Other key players included the U.S. Fish and Wildlife Service, which assisted in site preparation; the WVU Extension Service, which provided the necessary biochar ); Elkins Parks and Recreation, which provided the site and installed the interpretive sign; and the Elkins Tree Board, which assisted in sign design. This new garden adds more environmental interpretation to the trail, which features several additional interpretive signs and outdoor rock spaces.

It’s on the section of trail closest to the playground. Bring the kids!

Update on Downtown Trees

From the Elkins Tree Board:

“Elkins Main Street and the Elkins Tree Board recognizes and thanks the City of Elkins Operations Department for their recent work on the downtown trees. Trimming—and removing—trees is a significant undertaking, and they have persevered.

“The urban forest is a vital part of city life. A true public resource, the downtown canopy provides shade for businesses and pedestrians, creates an inviting visual cue for visitors, and establishes habitat for birdlife; while providing positive mental benefits, sequestering carbon, and mitigating the urban heat island effect.

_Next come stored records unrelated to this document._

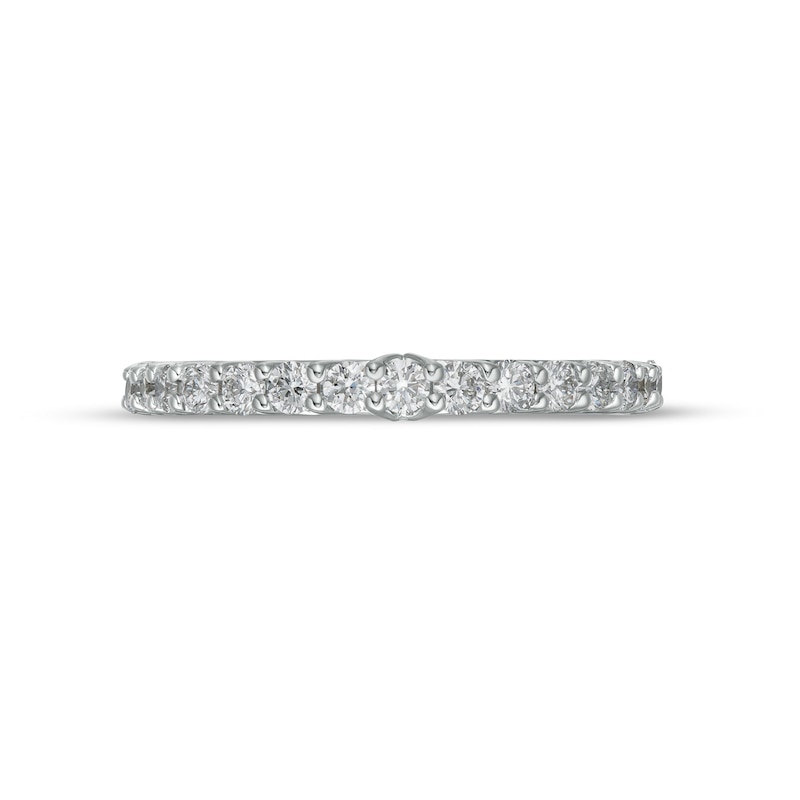 Main Image 4 of TRUE Lab-Grown Diamonds by Vera Wang Love 1/2 CT. T.W. Anniversary Band in 14K White Gold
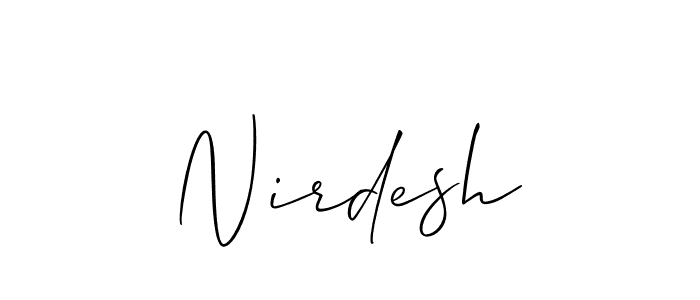 You can use this online signature creator to create a handwritten signature for the name Nirdesh. This is the best online autograph maker. Nirdesh signature style 2 images and pictures png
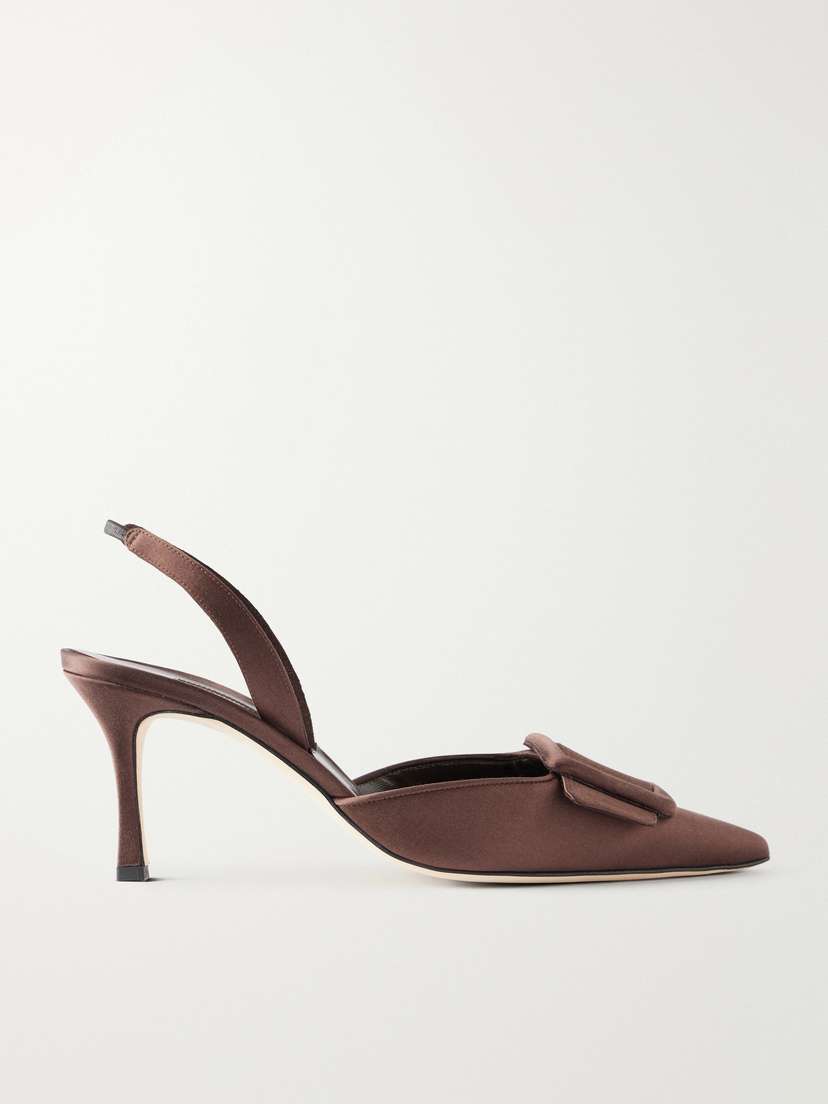 Manolo Blahnik + Emilia Wickstead Maysli 70 Satin Slingback Pumps | Thumbnail 6 Manolo Blahnik + Emilia Wickstead Maysli 70 Satin Slingback Pumps | Thumbnail 6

“So: why have some trees come down? Urban forestry is about finding the right tree for the right place. In Elkins, many trees have been planted above their right place—elevated in tree boxes. Replacing these trees in phases over time with new trees planted at grade will extend the lifetime of our urban trees, while encouraging deep root growth, which helps trees avoid damaging infrastructure.

“In mid-March, Elkins will welcome new saplings to its downtown core. With species and planting requirements thoughtfully considered, the newest city trees will help make the place we live more livable. They are an investment in tomorrow, today.”